EXERCISE:
Beginning with the line of the entries below that holds "Photo - 878 4th St SE Unit A-105" and ending with the line that holds "Altavoces multimedia para PC y TV", transcribe each line exactly as written. Pictures stay out.

[Excerpts from a dataset]
____________________

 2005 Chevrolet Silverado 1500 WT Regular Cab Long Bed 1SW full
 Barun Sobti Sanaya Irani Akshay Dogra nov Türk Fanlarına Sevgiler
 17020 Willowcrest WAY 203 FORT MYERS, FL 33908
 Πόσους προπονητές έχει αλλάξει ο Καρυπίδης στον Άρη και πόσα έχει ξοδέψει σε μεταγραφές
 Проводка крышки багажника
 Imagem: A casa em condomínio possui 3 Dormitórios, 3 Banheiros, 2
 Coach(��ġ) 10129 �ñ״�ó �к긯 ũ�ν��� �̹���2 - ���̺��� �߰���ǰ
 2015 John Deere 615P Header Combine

____________________

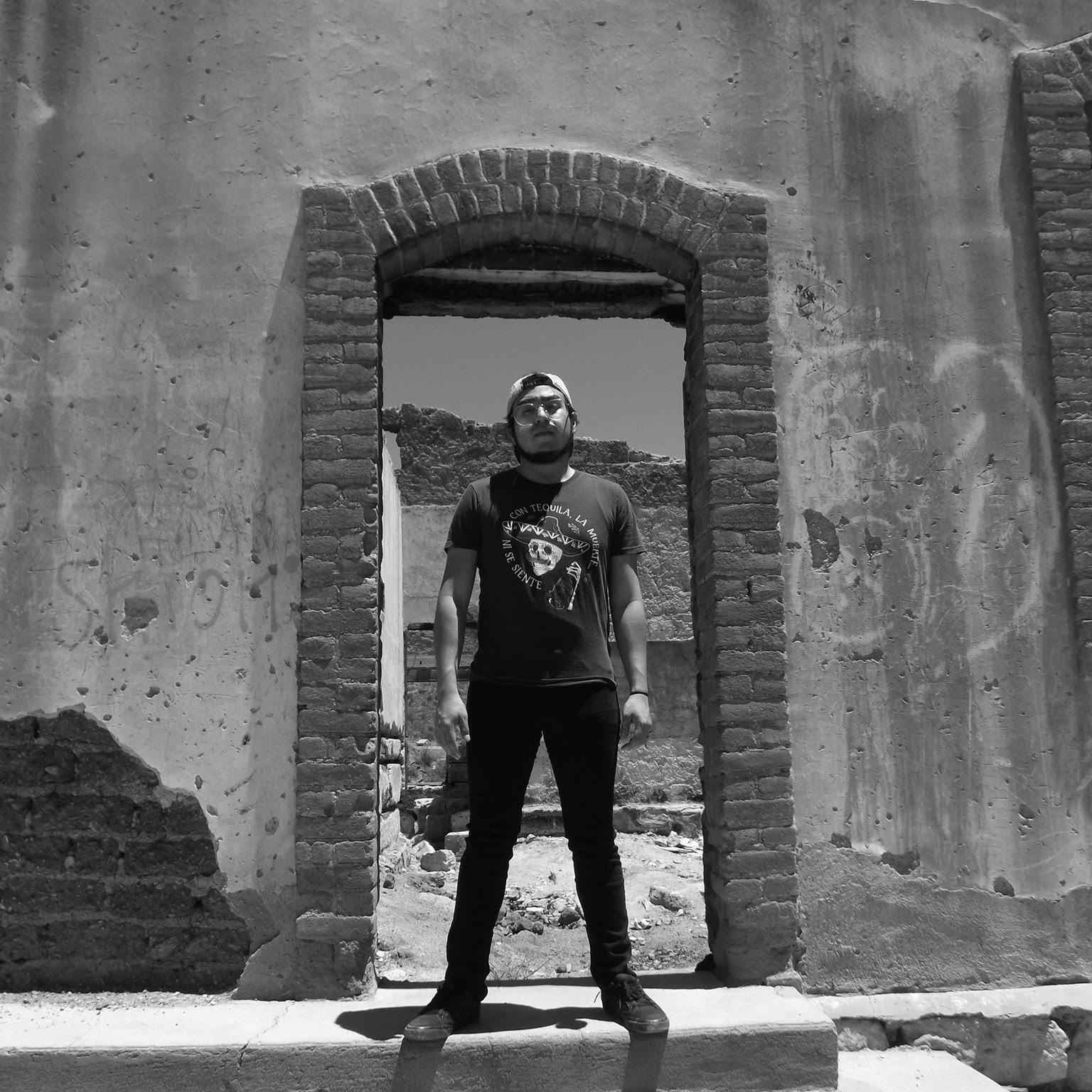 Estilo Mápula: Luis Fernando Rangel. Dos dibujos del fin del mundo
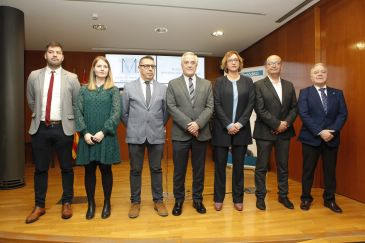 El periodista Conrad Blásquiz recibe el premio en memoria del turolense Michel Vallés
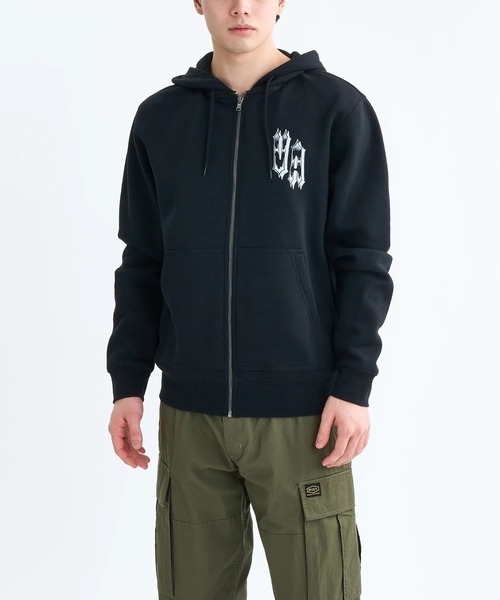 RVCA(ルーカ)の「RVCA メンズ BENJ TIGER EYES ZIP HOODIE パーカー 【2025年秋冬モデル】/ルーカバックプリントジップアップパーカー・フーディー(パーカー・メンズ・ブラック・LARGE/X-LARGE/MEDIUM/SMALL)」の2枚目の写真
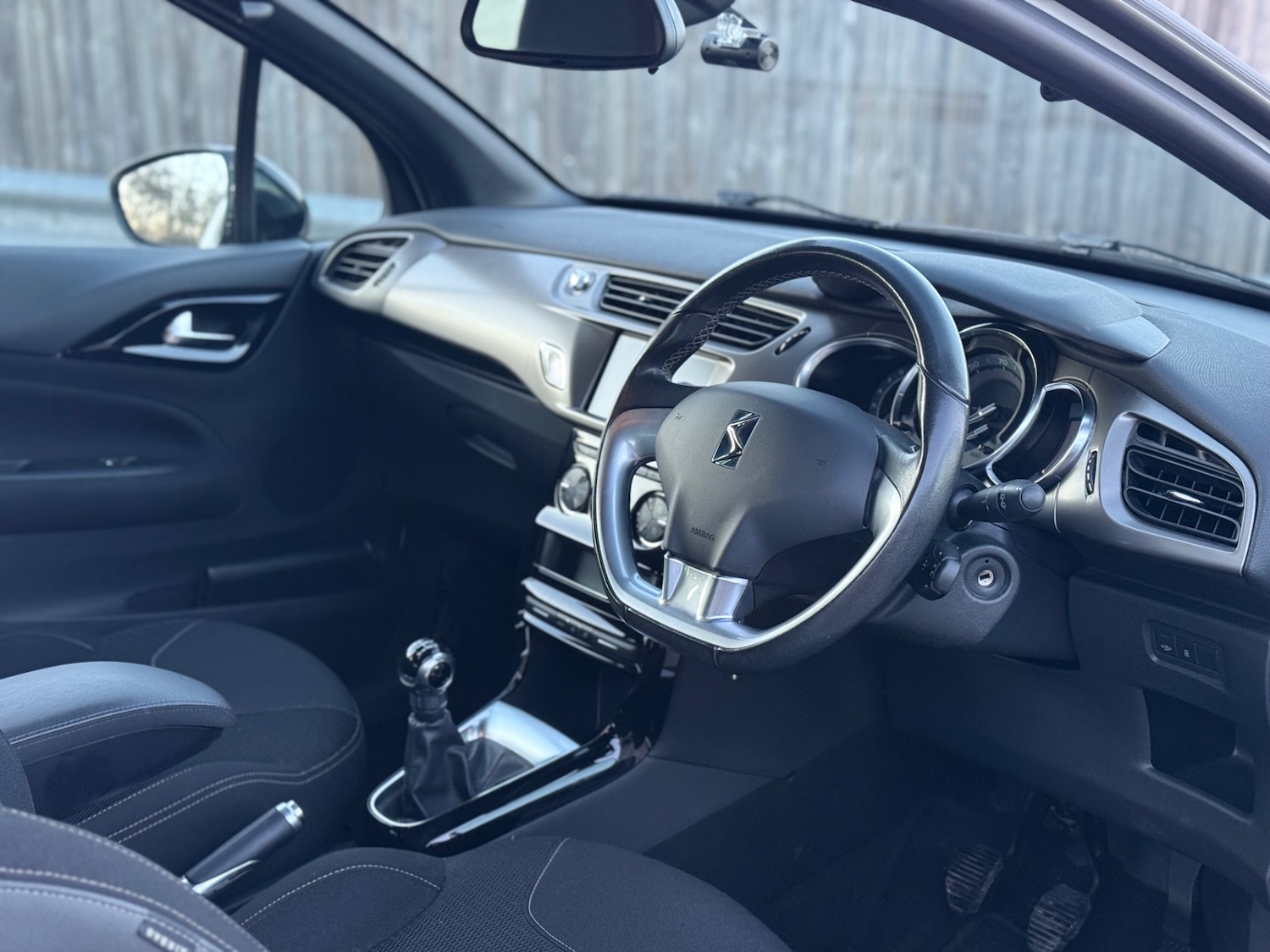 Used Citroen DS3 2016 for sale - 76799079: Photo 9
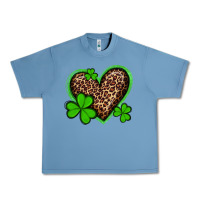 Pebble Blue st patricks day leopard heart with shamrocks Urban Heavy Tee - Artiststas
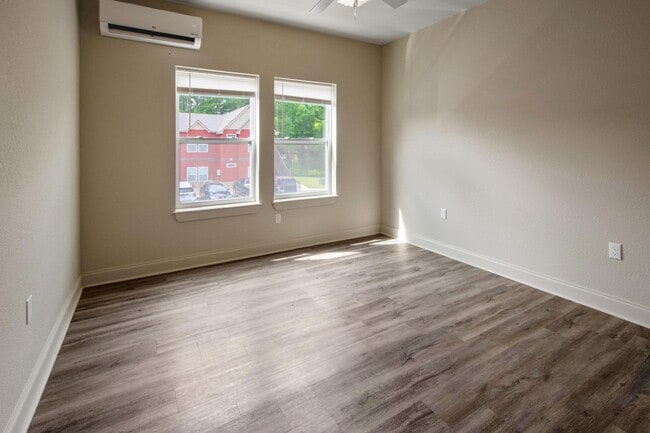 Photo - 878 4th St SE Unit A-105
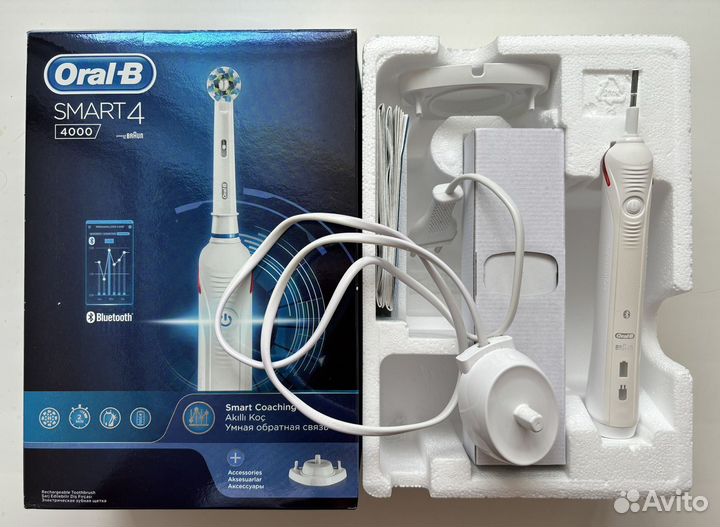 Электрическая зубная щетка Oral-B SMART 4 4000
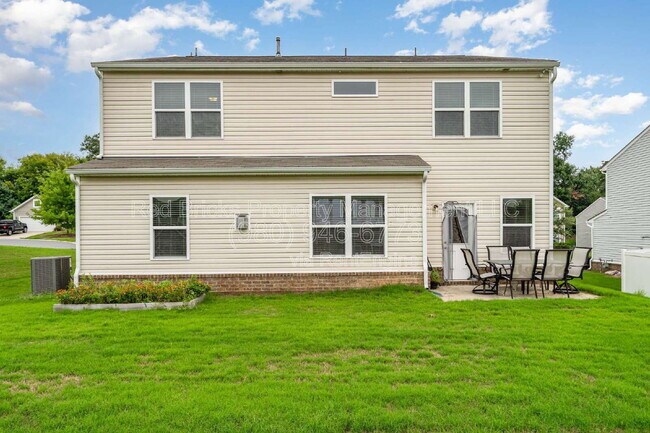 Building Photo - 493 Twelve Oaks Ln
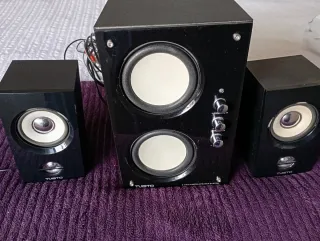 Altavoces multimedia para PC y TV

____________________

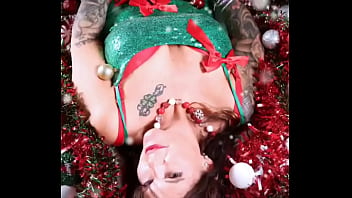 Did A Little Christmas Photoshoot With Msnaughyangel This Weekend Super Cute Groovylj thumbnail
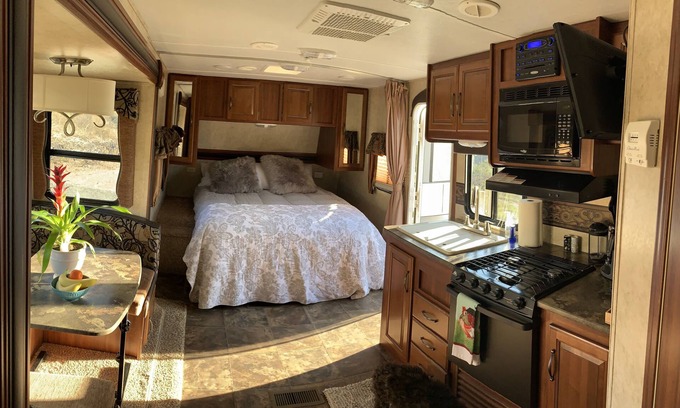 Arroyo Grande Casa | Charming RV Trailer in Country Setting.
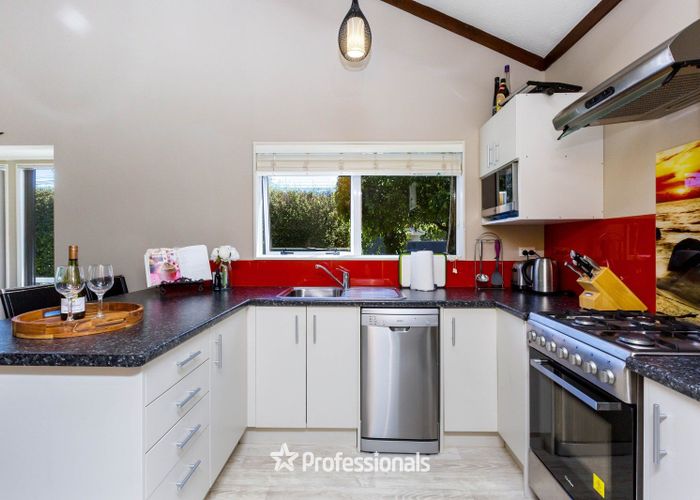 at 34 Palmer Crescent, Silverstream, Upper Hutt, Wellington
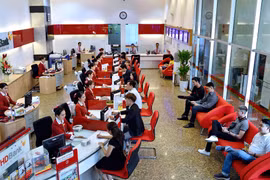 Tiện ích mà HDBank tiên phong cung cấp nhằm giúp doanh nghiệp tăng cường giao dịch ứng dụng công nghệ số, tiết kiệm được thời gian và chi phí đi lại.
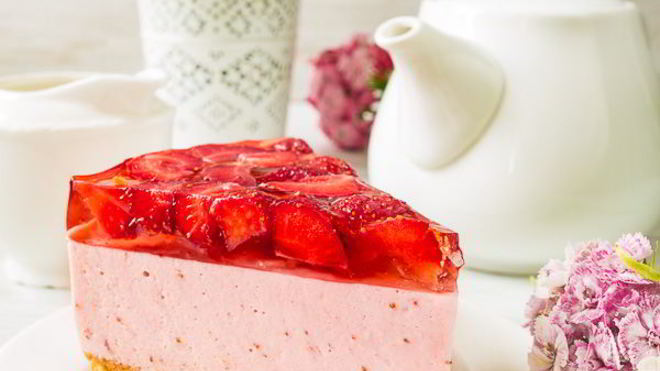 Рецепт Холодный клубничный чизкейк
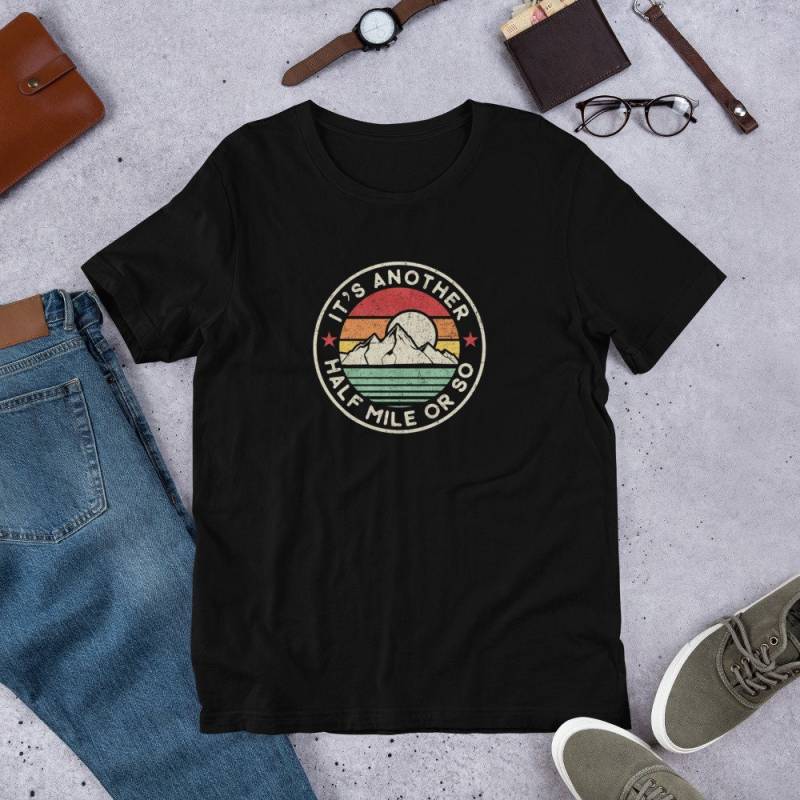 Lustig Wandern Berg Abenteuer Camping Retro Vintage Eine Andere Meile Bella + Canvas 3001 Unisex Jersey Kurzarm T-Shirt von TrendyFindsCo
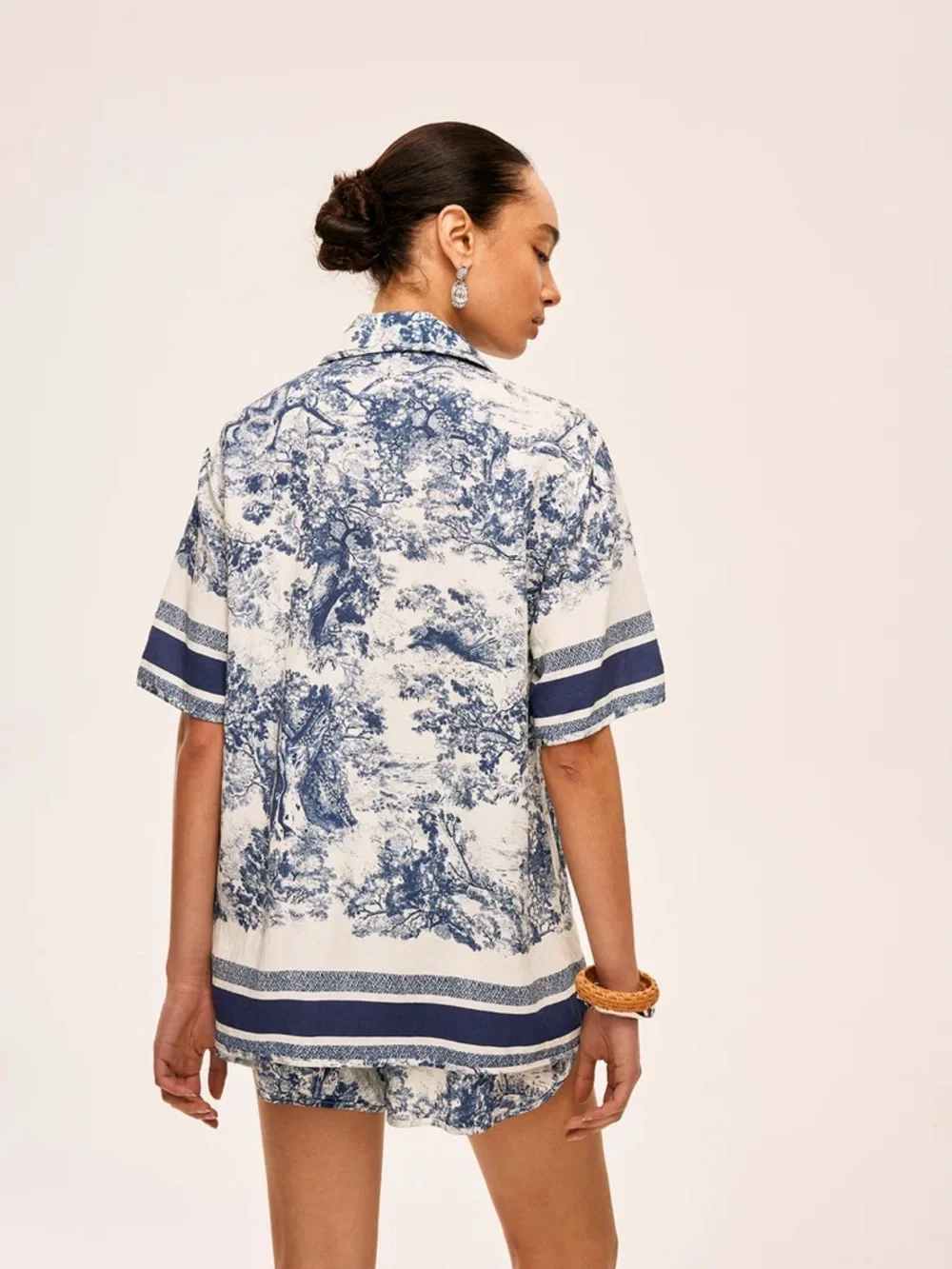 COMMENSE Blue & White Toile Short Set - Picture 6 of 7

____________________

TASK OUTPUT:
 Photo - 878 4th St SE Unit A-105
 Электрическая зубная щетка Oral-B SMART 4 4000
 Building Photo - 493 Twelve Oaks Ln
 Altavoces multimedia para PC y TV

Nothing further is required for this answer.